Last week Dipak Jain, Dean of Singapore’s blue chip business school INSEAD, told an audience a little about his childhood in India’s northeastern Assam province. His father was blind, he said; his mother never went to school. Yet he and his four siblings have all done well for themselves – in Jain’s case, well enough to have been dean not only of INSEAD but Kellogg School of Management at Northwestern University. The opportunity to do so, he said, came chiefly from the fact that he was able to receive an education.

It’s a common story in Asia: education is the great leveller, the opportunity for one generation to transcend its predecessor in terms of wealth and influence. So it’s perhaps not surprising to find that education dominates philanthropy in Asia to a far greater degree than elsewhere in the world.

According to a new study by INSEAD and UBS, education is expected to account for 35% of giving in Asia in 2011. The next biggest cause – poverty alleviation – accounts for just 12%, followed by health with 9% and disaster relief 5%.

“It is hands down the most supported cause in Asia,” says Jenny Santi from UBS Philanthropy Services. “There are strong cultural roots that support education, tied to Confucian, Hindu and other Asian traditions.” But more than that, it perhaps reflects a sense of what some people feel they missed, or were the first to receive. “Given the massive wealth transformation we have seen in Asia, we notice many wealthy individuals grew up with very little,” she says. “One of the most deep seated reflections they have is that they were deprived of a high quality education, so want to give back in that sector; or they recall that the only reason they were successful was because somebody gave them a handout and made a difference in their lives.”

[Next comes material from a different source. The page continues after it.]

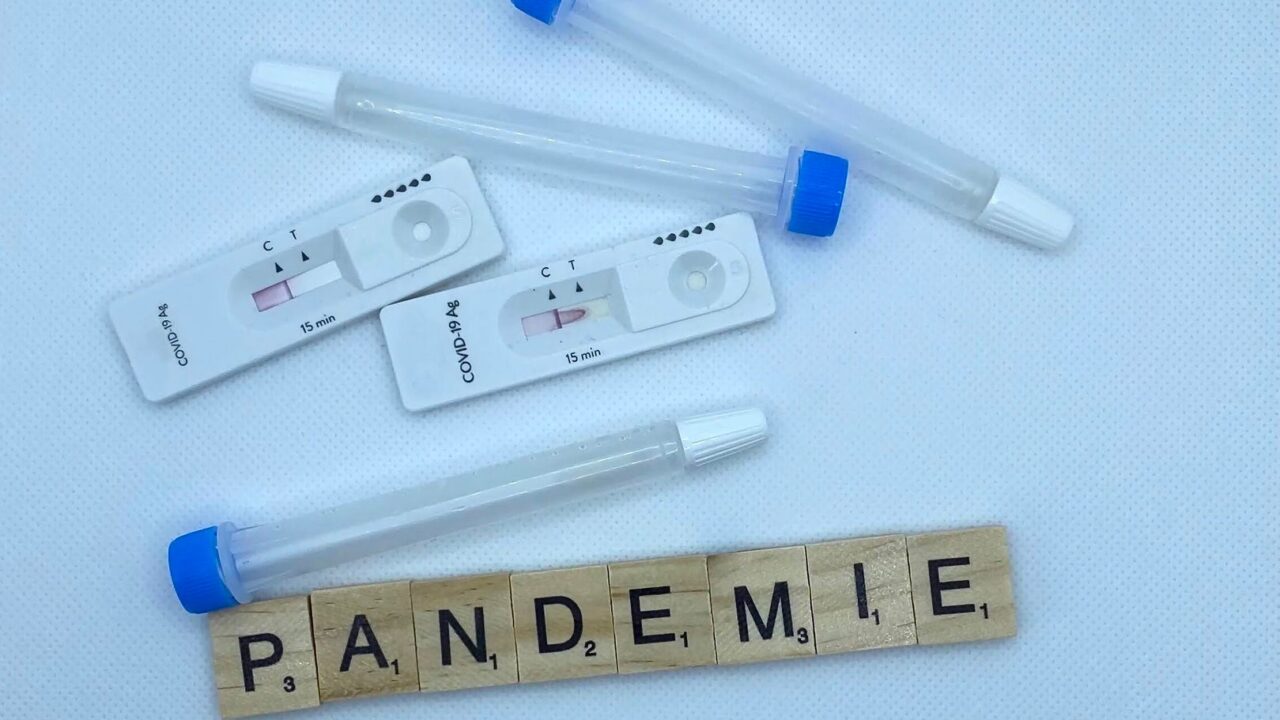 3 Best Everlywell Alternatives in 2026 (Tested & Compared)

In this respect, the popularity of education reflects the generational transition so widely talked about in Asian private banking. As the UBS-INSEAD report points out, for most Asians the rise from poverty to wealth has a genealogy of one or two generations, meaning that the recollection of personal or family deprivation is very much alive within many newly wealthy families. Huang Rulun, for example, the chairman of Century Golden Resources Group, is now a noted philanthropist; and because he had to drop out of school aged 12 to support his family, the bulk of his philanthropic contribution in later life has been around educational causes in China. The generation that has made that shift wants to make sure that the new generation, who had it easier, is in some way connected or aware with efforts to help those who have yet to elevate themselves from poverty.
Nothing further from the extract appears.